Now, there is a LOT wrong with this film, but it does do some things right. Director Kōji Shiraishi (A Slit-Mouthed Woman, Shirome, Cult) is new to both franchises, but is not a stranger to the horror genre. For a film that has clearly been thrown together in a matter of months he manages to produce a film that is fairly good to look at, with a number of competent set pieces. Even when things go a bit CGI-heavy in the closing stages, the viewer is made aware of what is going on. The scene where 4 elementary schoolboys get taken down by Tomio is very good indeed. He is also a director who is well used to slipping a little humour into his work, so we get a number of sly jokes and the tone is more mockingly respectful rather than slavishly reverential. I actually suspect some of the humour is lost in translation. There is one moment in the second act where the Sadako video gets uploaded to the internet – this is a plot point in the most recent Japanese reboot, and I am sure some comment is being made that I was too dumb to understand. He also decides to speed things up a little, cutting the 7 day curse of the previous movies down to a more threatening two.

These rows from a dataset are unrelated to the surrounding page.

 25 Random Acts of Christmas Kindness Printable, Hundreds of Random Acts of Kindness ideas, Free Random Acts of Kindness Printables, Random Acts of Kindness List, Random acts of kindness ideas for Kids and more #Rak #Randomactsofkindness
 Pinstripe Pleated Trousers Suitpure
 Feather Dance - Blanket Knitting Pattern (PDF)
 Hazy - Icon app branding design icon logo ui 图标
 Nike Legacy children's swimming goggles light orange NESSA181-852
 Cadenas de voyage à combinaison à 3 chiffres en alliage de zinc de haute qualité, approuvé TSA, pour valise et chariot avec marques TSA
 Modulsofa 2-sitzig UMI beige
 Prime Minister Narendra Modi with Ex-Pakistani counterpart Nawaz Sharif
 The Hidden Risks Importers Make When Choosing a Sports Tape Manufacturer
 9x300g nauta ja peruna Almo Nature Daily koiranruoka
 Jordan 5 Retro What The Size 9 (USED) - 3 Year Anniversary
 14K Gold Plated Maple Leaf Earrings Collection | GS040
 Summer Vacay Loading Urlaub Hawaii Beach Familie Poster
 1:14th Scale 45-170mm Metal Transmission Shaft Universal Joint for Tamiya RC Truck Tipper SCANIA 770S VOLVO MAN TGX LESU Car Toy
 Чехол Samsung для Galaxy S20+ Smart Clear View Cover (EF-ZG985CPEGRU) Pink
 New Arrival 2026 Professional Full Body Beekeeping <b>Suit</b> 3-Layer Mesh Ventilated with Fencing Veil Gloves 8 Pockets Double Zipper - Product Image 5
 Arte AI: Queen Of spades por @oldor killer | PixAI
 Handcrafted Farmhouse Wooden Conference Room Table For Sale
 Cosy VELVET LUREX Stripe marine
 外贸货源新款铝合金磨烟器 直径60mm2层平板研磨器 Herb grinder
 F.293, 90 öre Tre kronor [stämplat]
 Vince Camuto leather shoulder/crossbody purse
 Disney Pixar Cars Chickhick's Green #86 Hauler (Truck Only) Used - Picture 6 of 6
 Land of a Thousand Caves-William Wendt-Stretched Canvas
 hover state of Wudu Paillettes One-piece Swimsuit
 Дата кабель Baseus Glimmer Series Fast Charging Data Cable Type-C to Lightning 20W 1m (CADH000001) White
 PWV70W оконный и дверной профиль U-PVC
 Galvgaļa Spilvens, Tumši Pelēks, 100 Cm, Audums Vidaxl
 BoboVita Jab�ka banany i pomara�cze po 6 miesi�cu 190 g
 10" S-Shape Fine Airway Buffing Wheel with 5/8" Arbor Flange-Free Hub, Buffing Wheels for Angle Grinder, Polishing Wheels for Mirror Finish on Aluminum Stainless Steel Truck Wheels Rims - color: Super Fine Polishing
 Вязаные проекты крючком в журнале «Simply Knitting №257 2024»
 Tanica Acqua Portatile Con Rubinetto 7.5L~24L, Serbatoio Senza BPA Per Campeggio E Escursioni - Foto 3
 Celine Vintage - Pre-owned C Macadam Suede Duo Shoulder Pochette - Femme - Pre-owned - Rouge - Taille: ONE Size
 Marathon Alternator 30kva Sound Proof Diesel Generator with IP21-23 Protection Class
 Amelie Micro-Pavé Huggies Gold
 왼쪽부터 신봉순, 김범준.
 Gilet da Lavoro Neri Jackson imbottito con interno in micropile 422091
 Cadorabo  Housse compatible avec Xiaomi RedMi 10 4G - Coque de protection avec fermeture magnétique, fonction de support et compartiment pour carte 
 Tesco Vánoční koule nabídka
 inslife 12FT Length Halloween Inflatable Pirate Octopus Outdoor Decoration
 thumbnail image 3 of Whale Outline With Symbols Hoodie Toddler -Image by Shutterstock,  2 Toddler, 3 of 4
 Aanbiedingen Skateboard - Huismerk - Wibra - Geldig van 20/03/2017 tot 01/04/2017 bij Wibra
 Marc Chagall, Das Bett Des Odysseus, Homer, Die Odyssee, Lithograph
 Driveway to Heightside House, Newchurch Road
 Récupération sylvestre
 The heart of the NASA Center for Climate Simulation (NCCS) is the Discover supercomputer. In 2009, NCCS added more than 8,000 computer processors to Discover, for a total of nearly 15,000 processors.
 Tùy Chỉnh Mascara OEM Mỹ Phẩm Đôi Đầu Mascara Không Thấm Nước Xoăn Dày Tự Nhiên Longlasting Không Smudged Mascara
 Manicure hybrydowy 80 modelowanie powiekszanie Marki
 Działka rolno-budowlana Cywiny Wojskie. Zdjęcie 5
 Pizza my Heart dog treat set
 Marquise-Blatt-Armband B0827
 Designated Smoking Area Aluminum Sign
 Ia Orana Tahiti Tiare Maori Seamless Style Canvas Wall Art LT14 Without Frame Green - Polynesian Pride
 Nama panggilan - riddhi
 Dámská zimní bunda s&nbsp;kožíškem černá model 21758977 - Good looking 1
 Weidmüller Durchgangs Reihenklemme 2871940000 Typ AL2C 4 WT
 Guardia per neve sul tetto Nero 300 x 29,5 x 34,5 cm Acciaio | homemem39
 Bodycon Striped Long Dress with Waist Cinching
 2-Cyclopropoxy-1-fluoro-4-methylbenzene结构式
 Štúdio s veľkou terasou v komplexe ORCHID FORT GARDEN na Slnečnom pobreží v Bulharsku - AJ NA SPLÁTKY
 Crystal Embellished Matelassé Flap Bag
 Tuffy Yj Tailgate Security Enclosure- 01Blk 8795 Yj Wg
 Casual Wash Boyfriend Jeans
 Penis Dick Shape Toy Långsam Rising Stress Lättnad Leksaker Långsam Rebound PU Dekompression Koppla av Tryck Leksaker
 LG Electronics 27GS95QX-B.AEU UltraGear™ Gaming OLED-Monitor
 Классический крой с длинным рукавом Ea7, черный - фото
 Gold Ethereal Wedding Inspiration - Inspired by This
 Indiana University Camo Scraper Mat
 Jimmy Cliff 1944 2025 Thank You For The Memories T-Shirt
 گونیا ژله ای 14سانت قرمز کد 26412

One thing I was very happy about is that the film knows its’ audience. It doesn’t spend ages explaining all the backstories of the ghosts. It just sets us up in a world where they are well known urban myths. So no origin stories, no grand mystery to solve. Just curses to be enacted and hopefully retracted. On the other hand I was somewhat disappointed with the new version of Sadako’s cursed video-tape. Rather than being fleeting and cryptic images, it was something more out of the Slender Man meme (which might indeed be the point).
Elly Nanami makes for a suitably creepy Sadako, and Elly Nanami’s Kayako is even better, which only makes the film’s biggest problem even worse. You see, whilst one needs to be aware that in Japanese horror, the pace can be glacial (usually much more about atmosphere than shocks), the fact that Kayako only actually appears about 15 minutes from the end of the film, and the titular fight happens about 5 minutes before the final credits roll means that this is somewhat unsatisfying.
Whilst I did like the fact our ghosts didn’t get a ton of backstory that can be found in 22 other films, sadly the same approach is taken to our human protagonists. Not one character is given any kind of backstory, and this means we can’t get any sort of emotional connection with any of them. Suzuka is served worst of all, not only is her story definitely the B-Plot, but literally nothing is explained, and it all seems rather inconsistent (at the beginning of the film she seems to be moving into a new area and school, but this leads utterly nowhere).
Within this world of paper-thin characterisation we get a real mix of performances. Masanobu Ando’s Keizo (along with his wonderfully blunt child assistant) brings personality and fun to the film. On the other hand, Aimi Satsukawa’s Natsumi is one of the most annoying female characters I have ever seen. If blandness is a reason to be the victim of a vengeful ghost, then no wonder she is first in the queue.
I have been somewhat harsh on the film, but to be fair it is way better than most of the entries in either franchises’ canon. There are a couple of decent scares, and it doesn’t have ideas above its’ station. The ghosts themselves are well realised, and in Keizo and Tamao we have a different kind of pairing that I would not mind seeing in future outings. And there will be future outings.